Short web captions
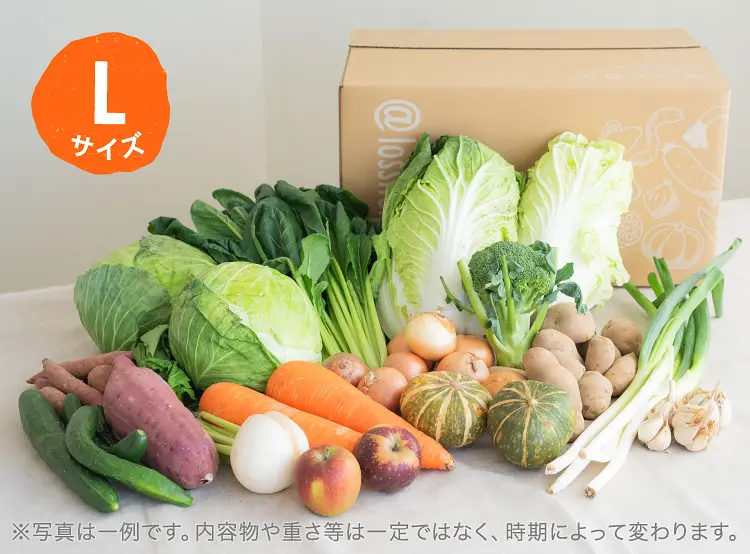 10月のお届け野菜の例(Lサイズ)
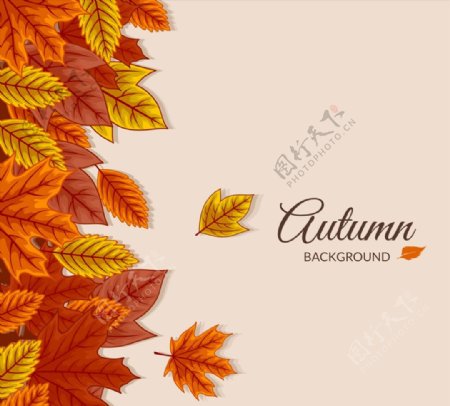 彩色秋季落叶背景图片
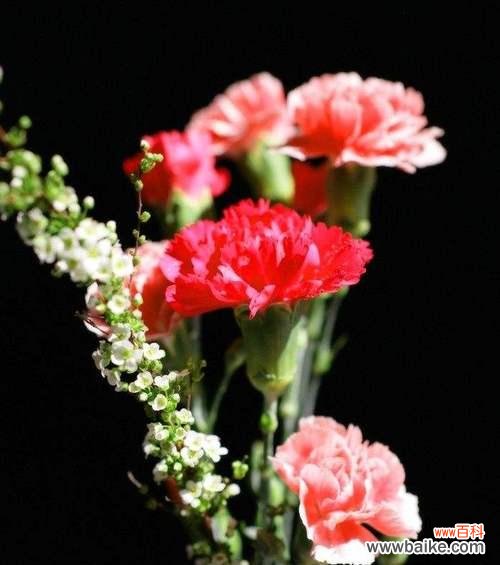 探索康乃馨花语的深层含义 康乃馨的花语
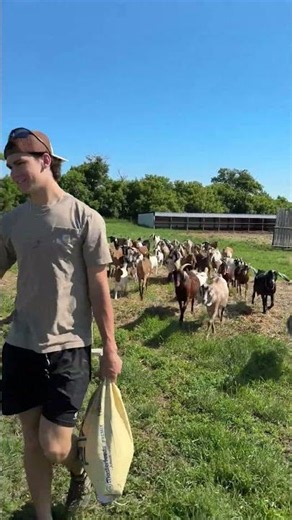 Carson Carels, The Goat Whisperer 🐐🏒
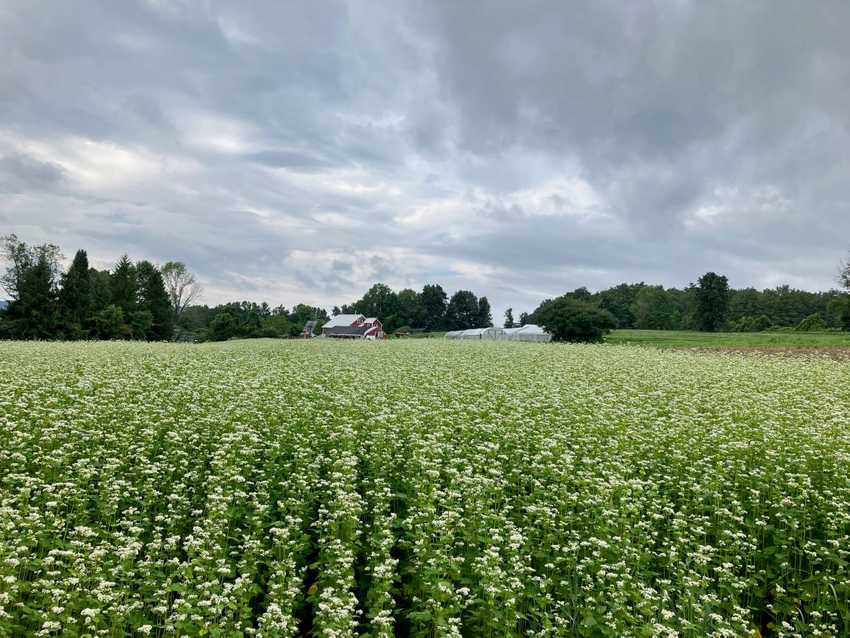 Buckwheat cover crop in bloom, with greenhouses and barn in the background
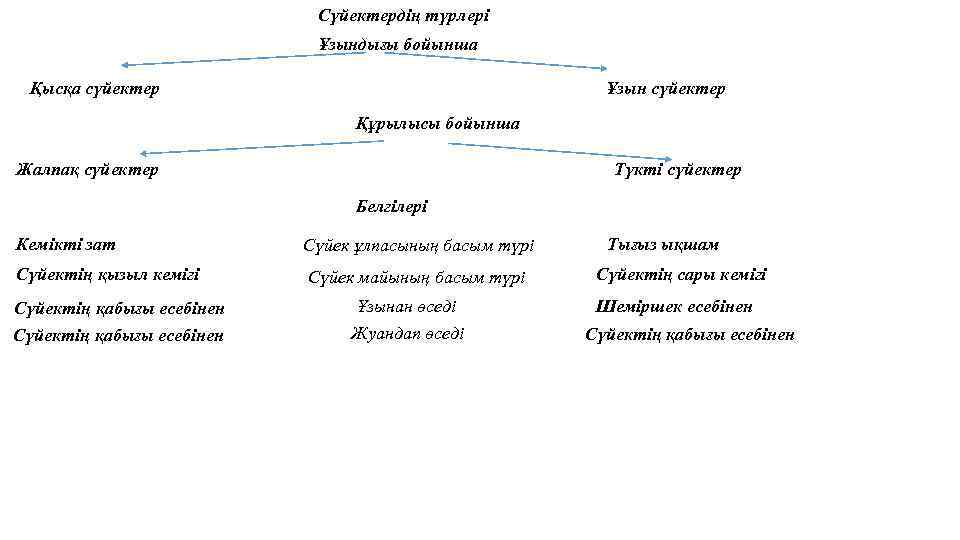 Сүйектердің түрлері Ұзындығы бойынша Қысқа сүйектер Ұзын сүйектер Құрылысы бойынша Жалпақ сүйектер Түкті сүйектер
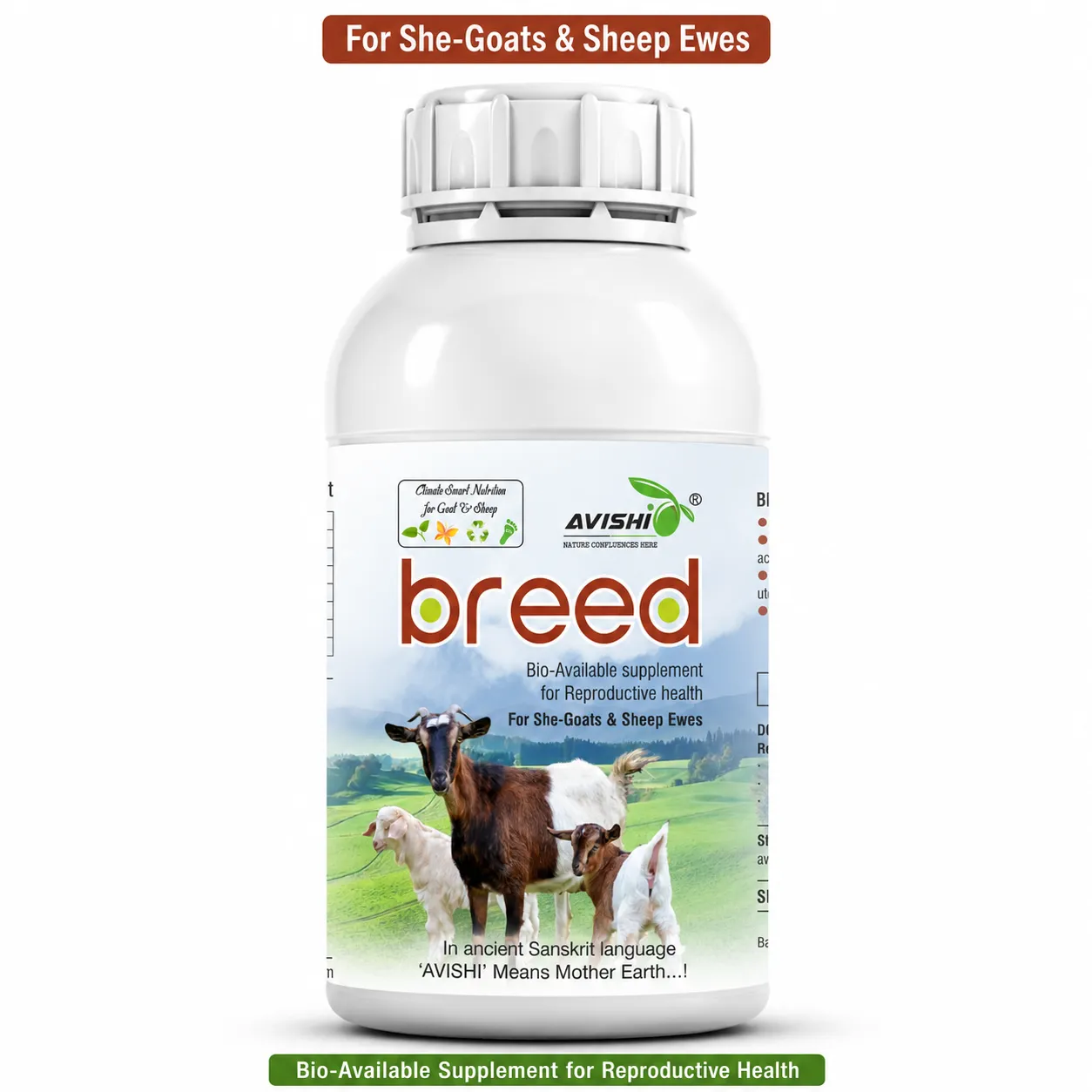 AVISHI BREED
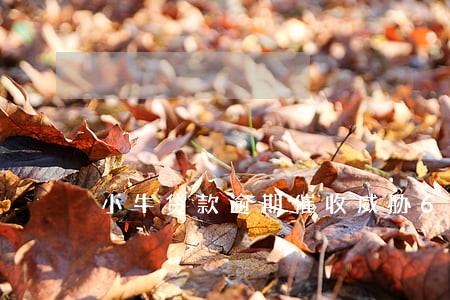 小牛贷款逾期催收威胁6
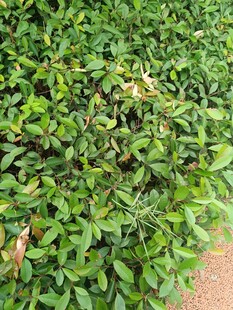 翠绿繁茂的植物景观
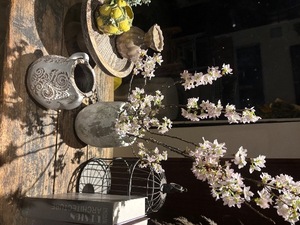 Risa Yuukiの写メ日記｜エレガント 川崎高級店ソープ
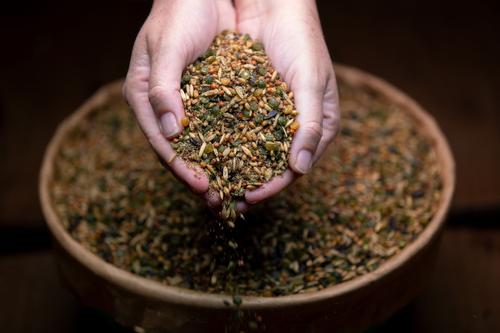 Show full view: Crypto Aero Top Chick Layer Chicken Feed, 25-lb bag slide 2 of 8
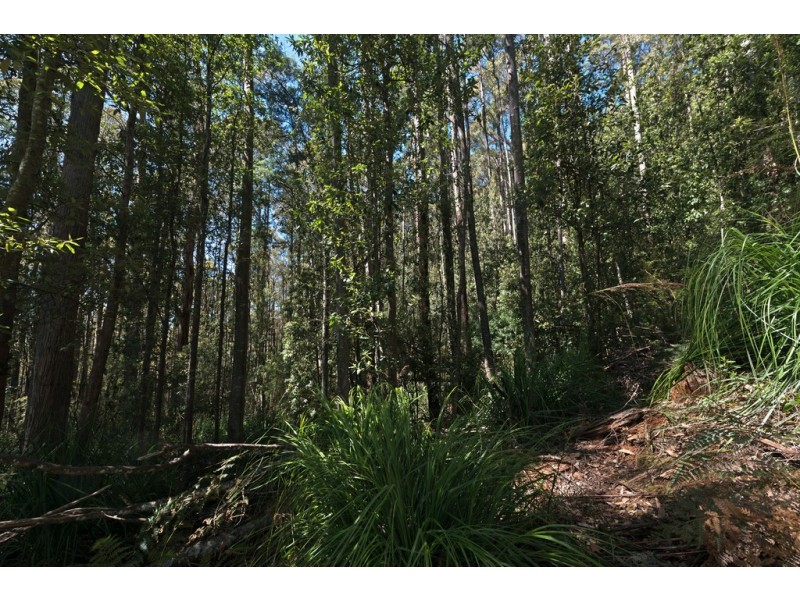 194 Devlyns Road, Birchs Bay TAS 7162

**WHAT THE TASK ASKS**. Begin at the line containing "Carson Carels, The Goat Whisperer 🐐🏒" and stop at the last line of the data. Repeat only those lines, exactly, and leave out the pictures.

**WORKED SOLUTION**.
 Carson Carels, The Goat Whisperer 🐐🏒
 Buckwheat cover crop in bloom, with greenhouses and barn in the background
 Сүйектердің түрлері Ұзындығы бойынша Қысқа сүйектер Ұзын сүйектер Құрылысы бойынша Жалпақ сүйектер Түкті сүйектер
 AVISHI BREED
 小牛贷款逾期催收威胁6
 翠绿繁茂的植物景观
 Risa Yuukiの写メ日記｜エレガント 川崎高級店ソープ
 Show full view: Crypto Aero Top Chick Layer Chicken Feed, 25-lb bag slide 2 of 8
 194 Devlyns Road, Birchs Bay TAS 7162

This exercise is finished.